/---
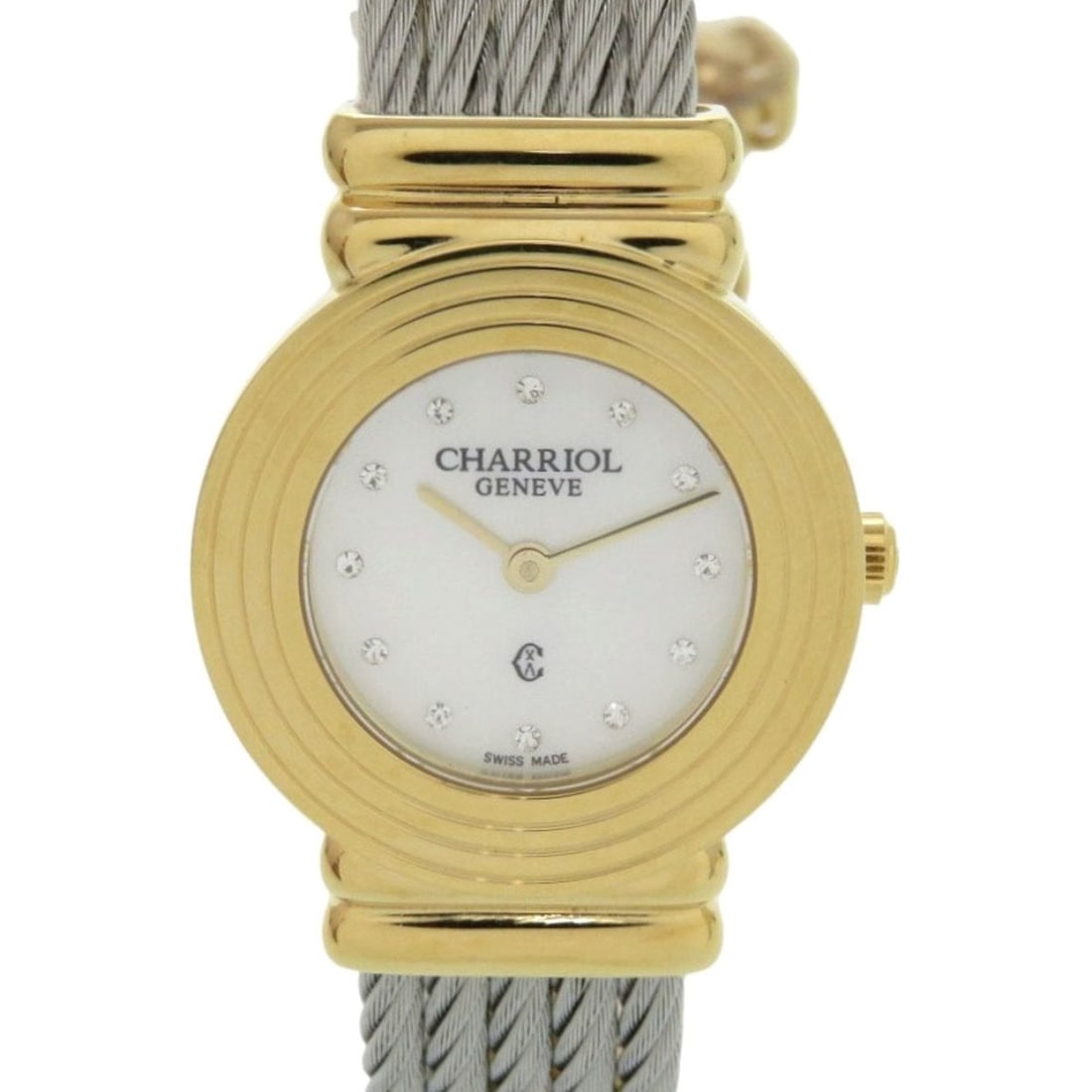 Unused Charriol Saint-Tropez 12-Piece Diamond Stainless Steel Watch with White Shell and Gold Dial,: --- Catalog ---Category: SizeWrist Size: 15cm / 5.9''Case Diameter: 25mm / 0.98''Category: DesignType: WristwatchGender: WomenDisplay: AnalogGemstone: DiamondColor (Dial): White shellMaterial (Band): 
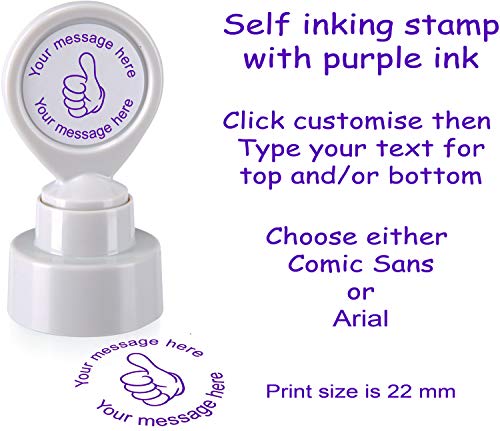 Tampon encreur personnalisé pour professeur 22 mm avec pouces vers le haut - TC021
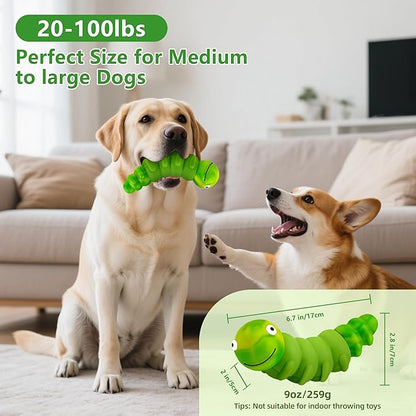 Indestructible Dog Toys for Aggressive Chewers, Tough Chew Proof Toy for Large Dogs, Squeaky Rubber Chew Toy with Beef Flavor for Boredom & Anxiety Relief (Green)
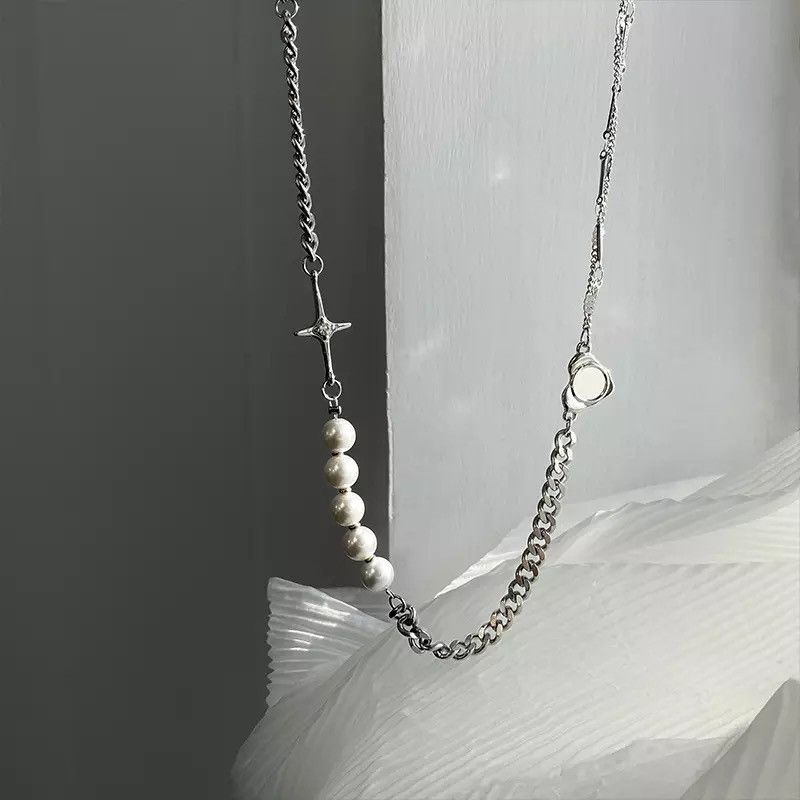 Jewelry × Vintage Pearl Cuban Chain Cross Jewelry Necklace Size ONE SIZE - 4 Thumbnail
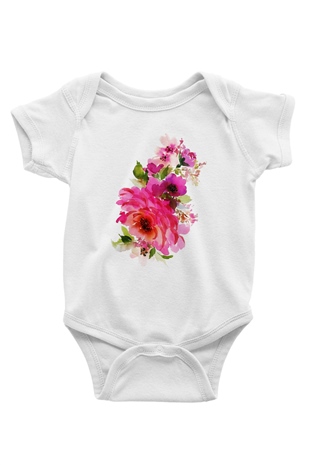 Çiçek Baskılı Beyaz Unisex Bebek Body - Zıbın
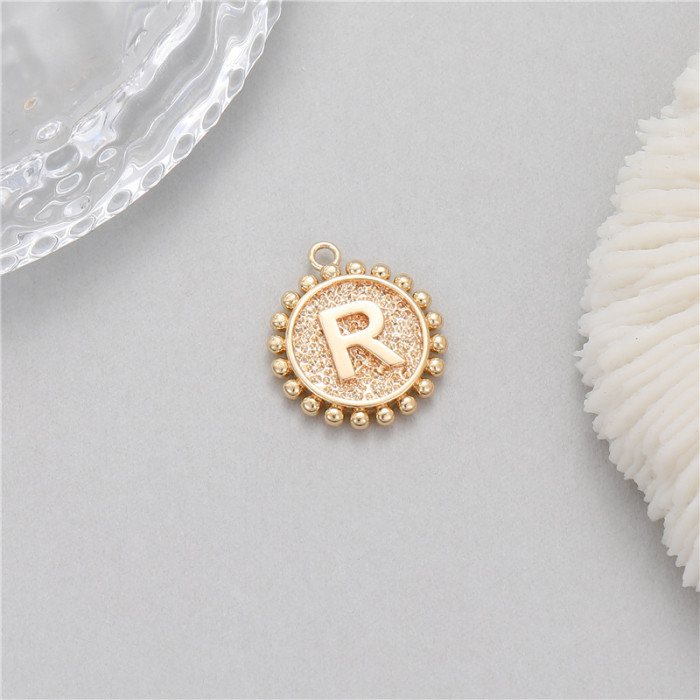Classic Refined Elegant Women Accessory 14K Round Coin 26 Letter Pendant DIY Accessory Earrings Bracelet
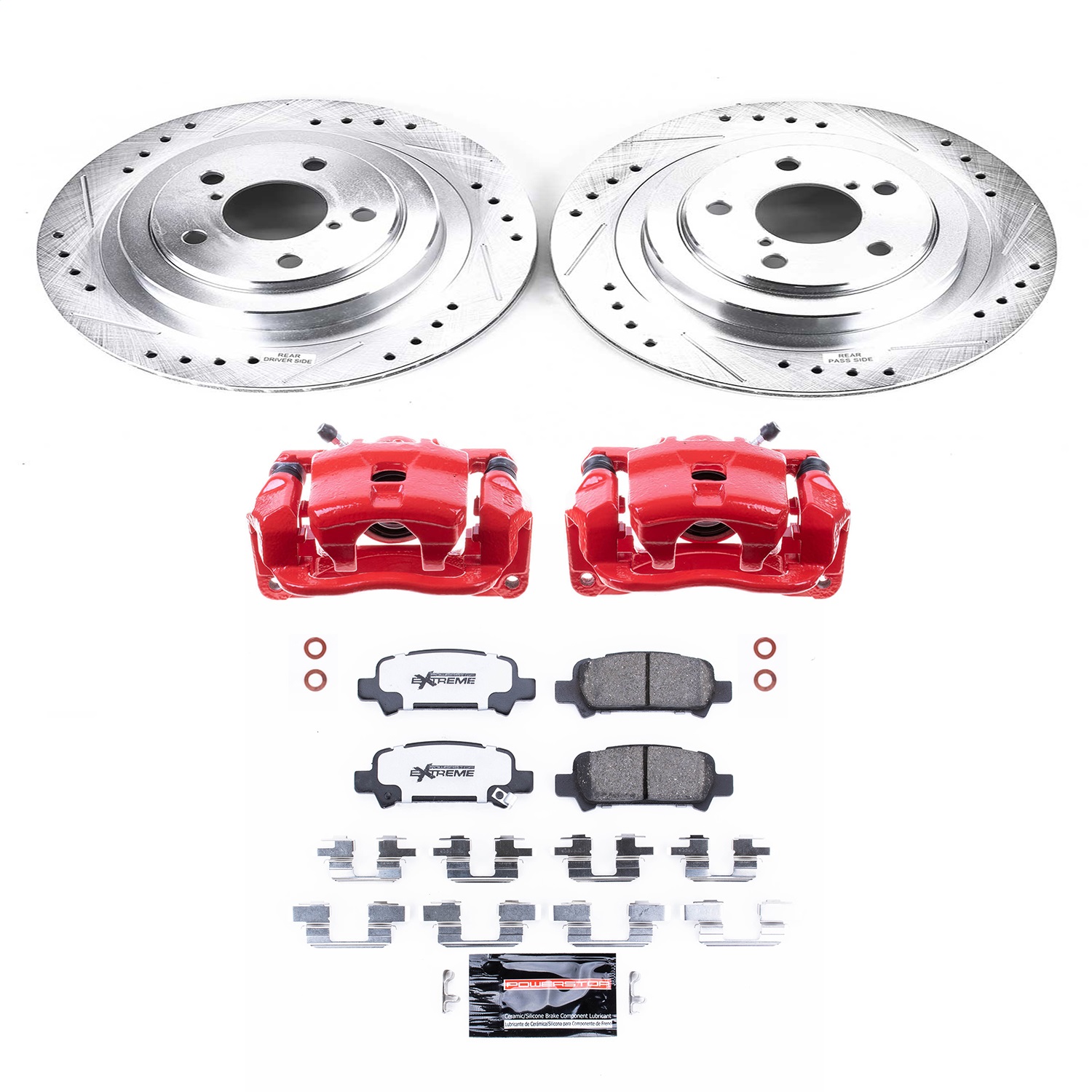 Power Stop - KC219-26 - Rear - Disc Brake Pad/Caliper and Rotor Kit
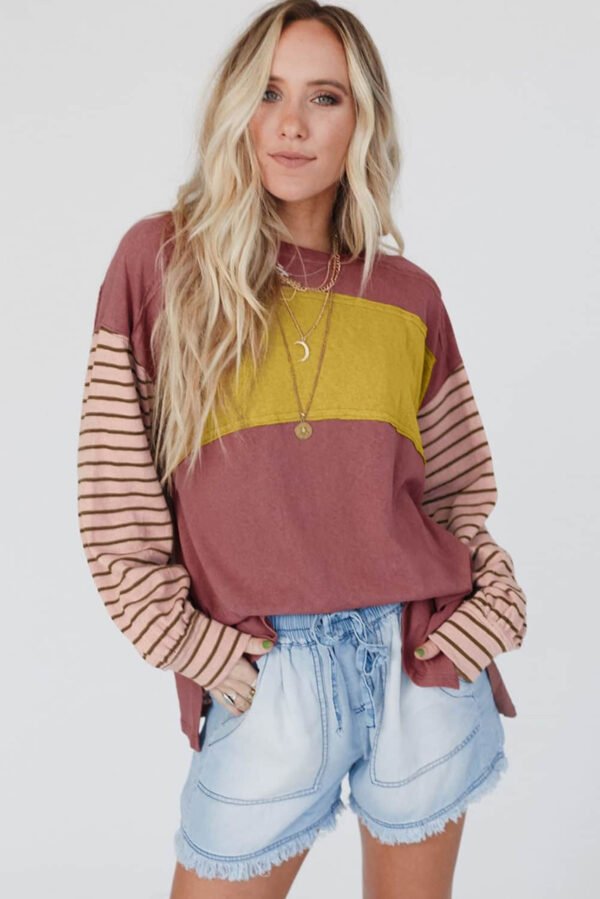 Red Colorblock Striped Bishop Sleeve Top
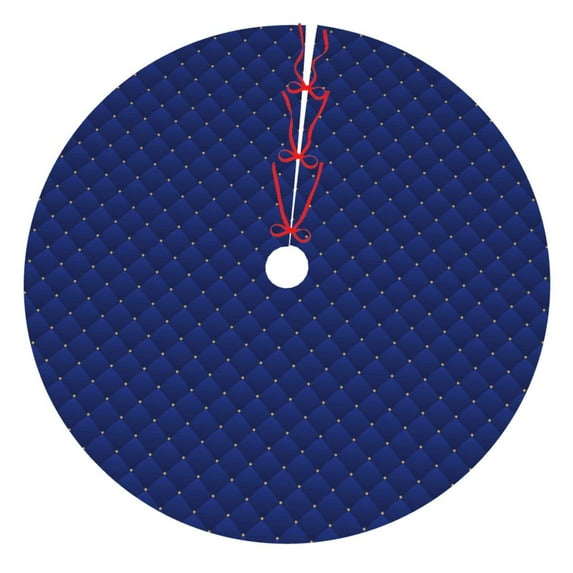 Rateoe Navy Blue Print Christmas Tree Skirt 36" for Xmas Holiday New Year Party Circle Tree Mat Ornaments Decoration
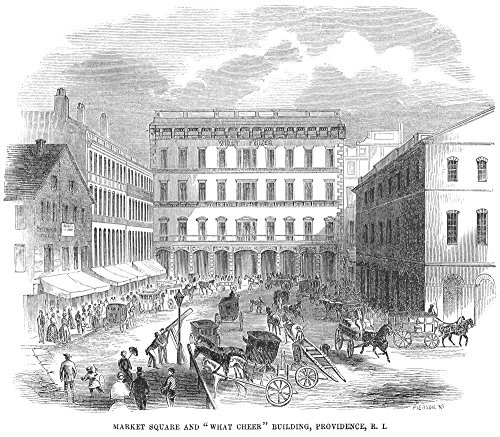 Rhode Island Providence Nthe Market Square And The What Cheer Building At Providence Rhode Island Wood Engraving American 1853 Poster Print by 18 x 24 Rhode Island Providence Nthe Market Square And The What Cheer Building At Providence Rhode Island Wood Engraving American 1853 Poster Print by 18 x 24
\---
What you have to do
Print everything from the line with "Tampon encreur personnalisé" down to the line with "Classic Refined Elegant" in the entries above, both lines included and nothing more, without the pictures.

Task answer
 Tampon encreur personnalisé pour professeur 22 mm avec pouces vers le haut - TC021
 Indestructible Dog Toys for Aggressive Chewers, Tough Chew Proof Toy for Large Dogs, Squeaky Rubber Chew Toy with Beef Flavor for Boredom & Anxiety Relief (Green)
 Jewelry × Vintage Pearl Cuban Chain Cross Jewelry Necklace Size ONE SIZE - 4 Thumbnail
 Çiçek Baskılı Beyaz Unisex Bebek Body - Zıbın
Classic Refined Elegant Women Accessory 14K Round Coin 26 Letter Pendant DIY Accessory Earrings Bracelet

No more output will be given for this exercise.